--- STORED DATA ---
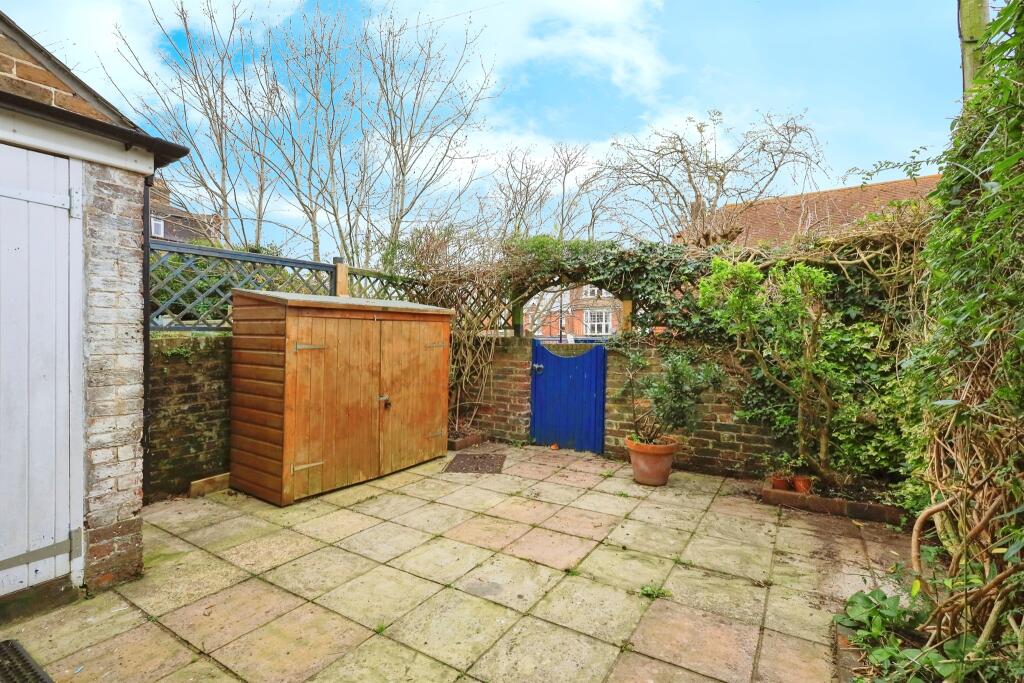 Additional image 13 of Brightland Road, Eastbourne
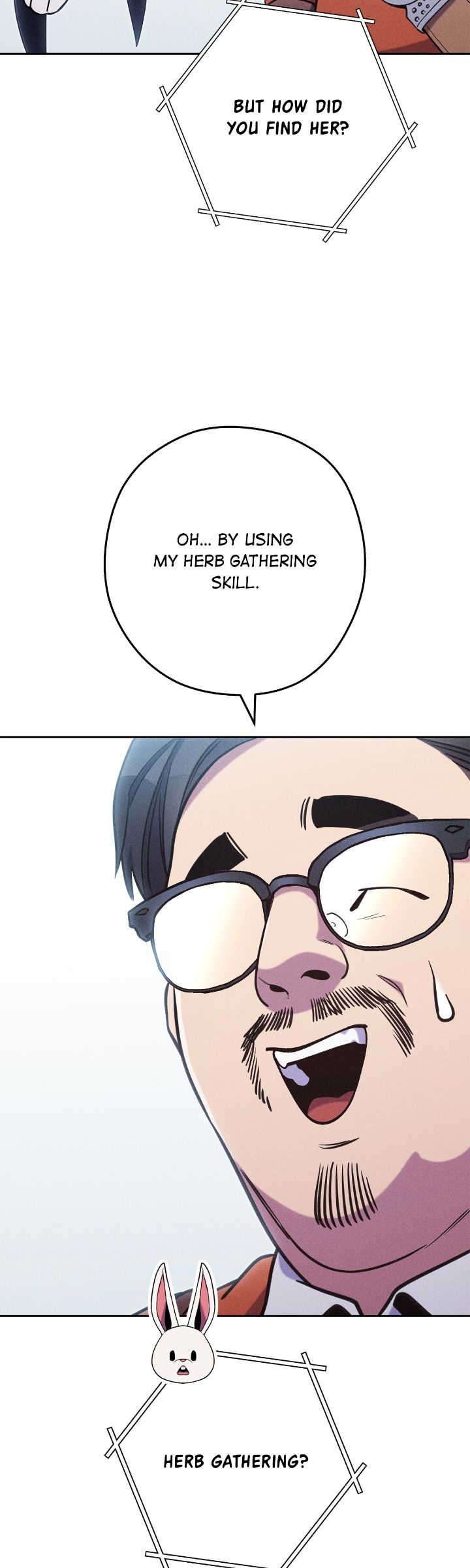 Read Dungeon Reset EN Manga Online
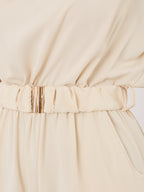 5906694121319-3-ITALY MODA-3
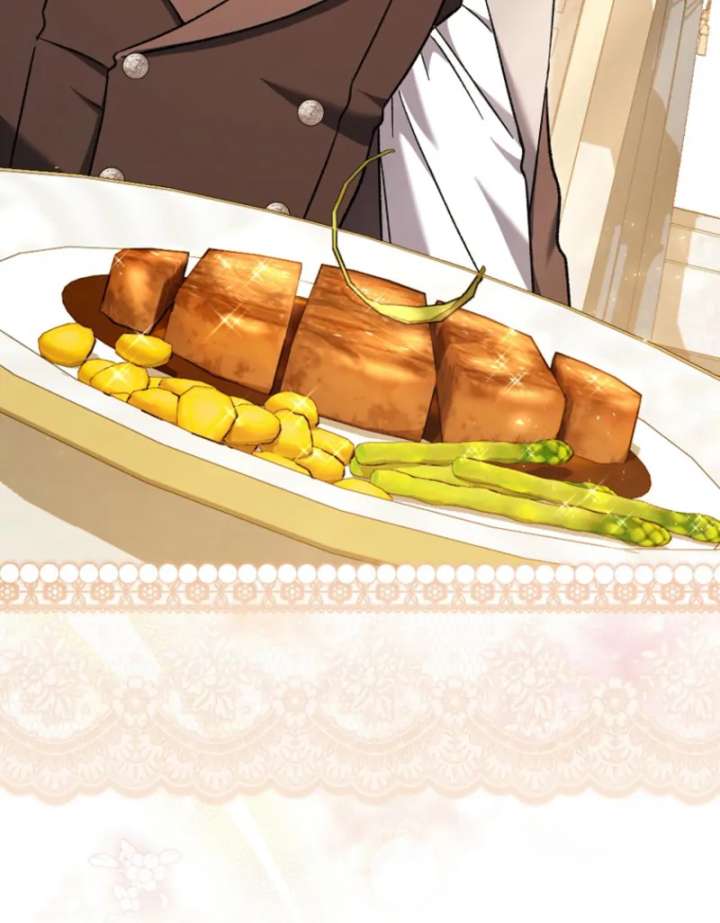 I Thought I Was The Main Character Chapter 9 755 148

--- PROBLEM DESCRIPTION ---
Set the pictures aside and transcribe the data above exactly.

--- ANSWER TO THE EXERCISE ---
 Additional image 13 of Brightland Road, Eastbourne
 Read Dungeon Reset EN Manga Online
 5906694121319-3-ITALY MODA-3
 I Thought I Was The Main Character Chapter 9 755 148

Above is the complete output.